Jocky Dempster

Personal information
- Date of birth: 8 October 1948 (age 77)
- Place of birth: Muirkirk, Scotland
- Position: Right winger

Youth career
- Muirkirk

Senior career*
- Years: Team / Apps / (Gls)
- 1969–1979: Queen of the South / 297 / (78)
- 1979–1980: St Mirren / 3 / (0)
- 1980–1981: Clyde / 15 / (5)
- Cumnock
- Total:  / 315 / (83)

= Jocky Dempster =

Scottish footballer

John 'Jocky' Dempster (born 8 October 1948) is a Scottish former professional footballer who played as a right winger, mainly for Queen of the South and also St Mirren and Clyde.

== Career ==
Dempster played with junior outfit Muirkirk before signing for Queen of the South at the start of the 1969–70 season.

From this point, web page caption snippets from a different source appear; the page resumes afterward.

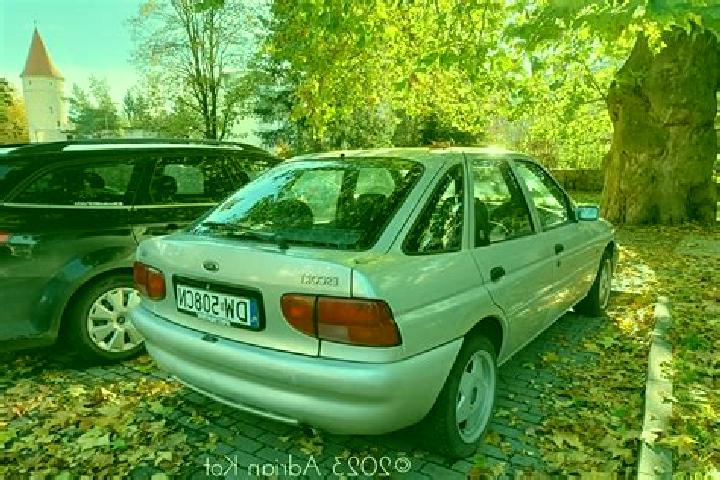 escort Elzach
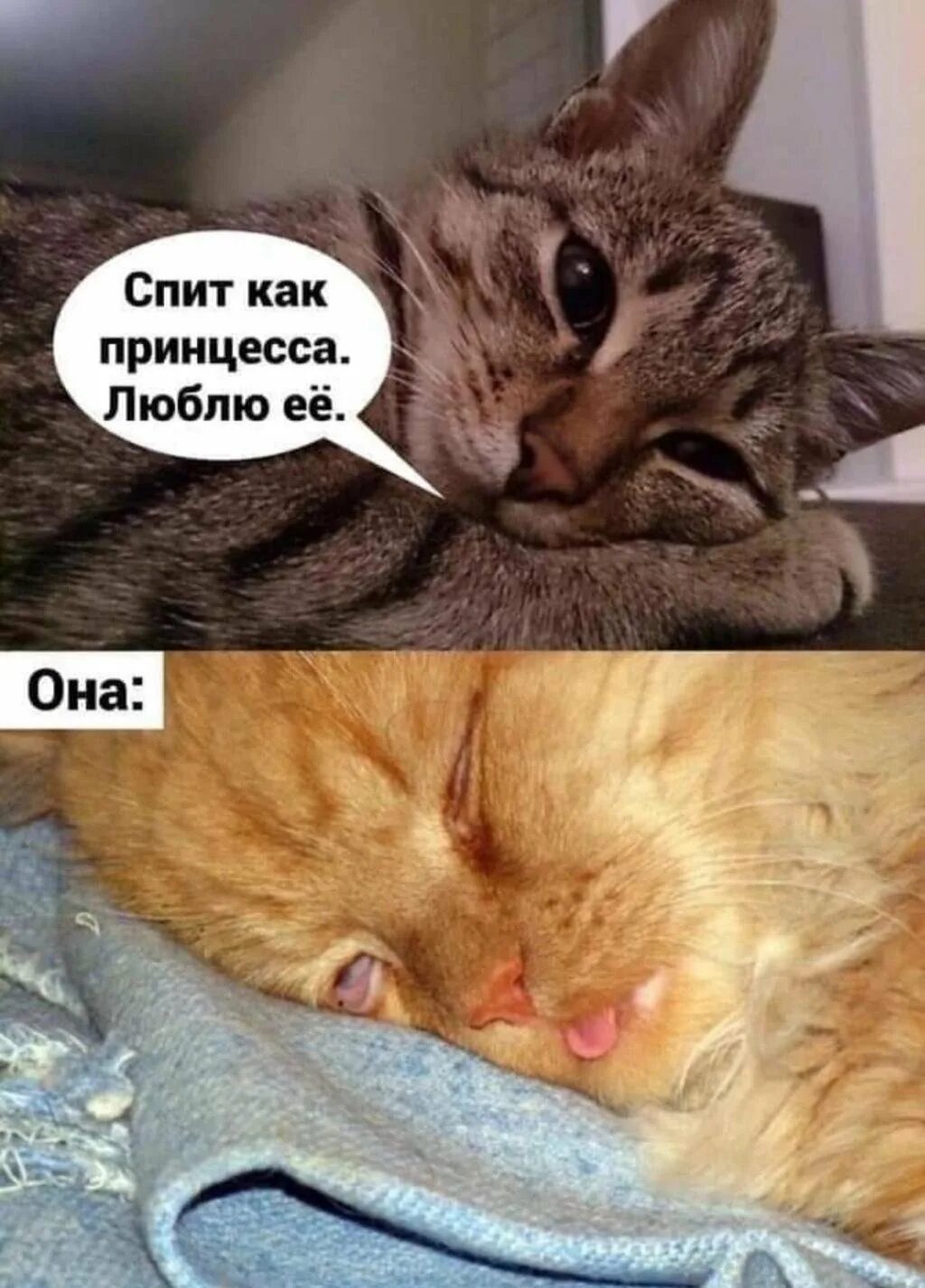 Мемы с котиками. Кот Мем. Мемы с котами и надписями. Шутка про спящую кошку. Поспи со мной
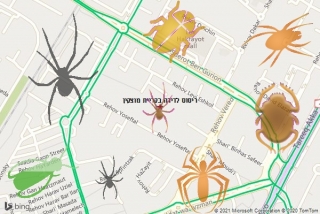 שירות ריסוס בקריית מוצקין - ריסוס לדירה בקריית מוצקין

Dempster is best known for his time Queens in Dumfries. The 1970s goalscoring winger and penalty taker found the net 98 times during 355 first-team matches for the Doonhamers and is the sixth highest goalscorer in the club's history. Dempster played alongside teammates Allan Ball, Iain McChesney and Crawford Boyd, who were named amongst the best eleven that Dempster played with at Palmerston Park.

Queens narrowly missed out on promotion in Dempster's first season at Palmerston, the 1968-70 season, as the club finished third in the table behind Falkirk and Cowdenbeath respectively, in Scottish League Division Two.

After leaving Palmerston Park, Dempster played for senior clubs St Mirren and Clyde for a season a-piece, before moving to Scottish Juniors club Cumnock.